(Beginning of Provided data)
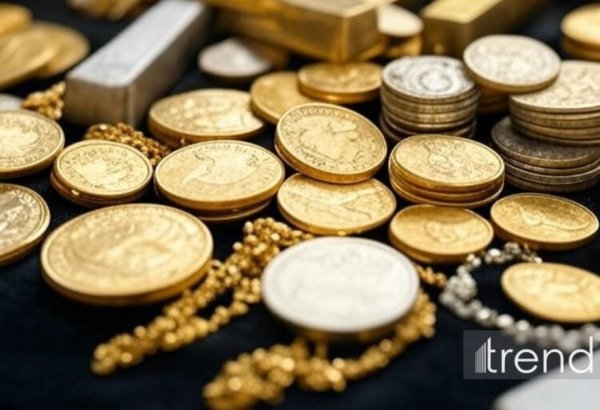 Anglo Asian Mining cuts 2026 gold production guidance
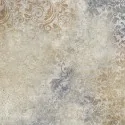 Płytki Sklep STARGRES Bohemy Blue Gres Rekt. Mat. 60x60 G2 Płytki w drugim gatunku abcplytki 5901503224397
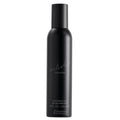 EILISH by Billie Eilish - Fragrance Mist 236ML | Body Mist Vainilla Gourmand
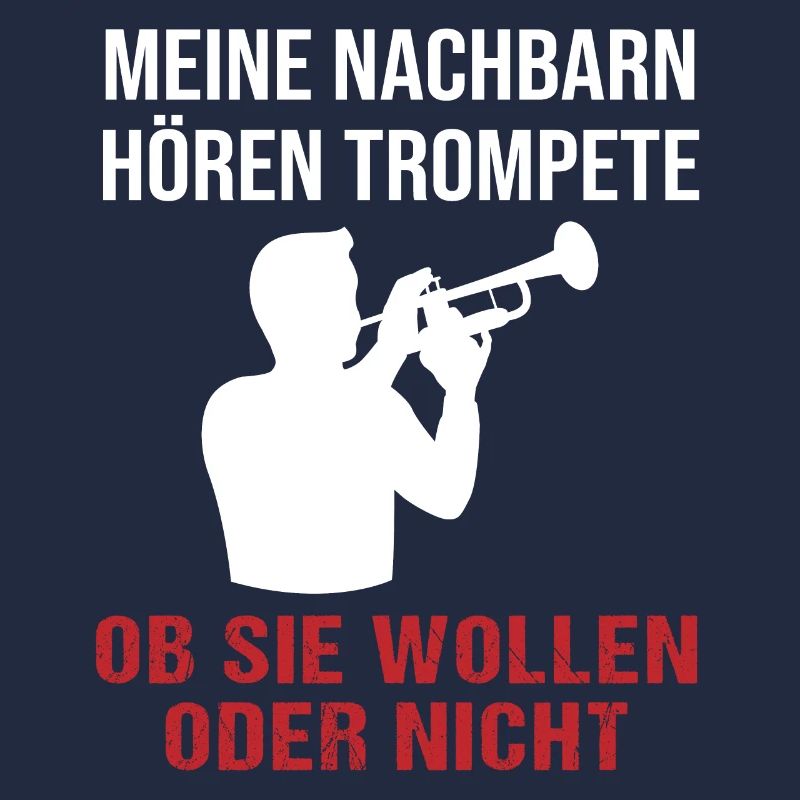 Trompetenklänge – Nachbarschaftskonzert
(End of Provided data)
Repeat all the material above exactly, apart from the pictures.

» Task response
 Anglo Asian Mining cuts 2026 gold production guidance
 Płytki Sklep STARGRES Bohemy Blue Gres Rekt. Mat. 60x60 G2 Płytki w drugim gatunku abcplytki 5901503224397
 EILISH by Billie Eilish - Fragrance Mist 236ML | Body Mist Vainilla Gourmand
 Trompetenklänge – Nachbarschaftskonzert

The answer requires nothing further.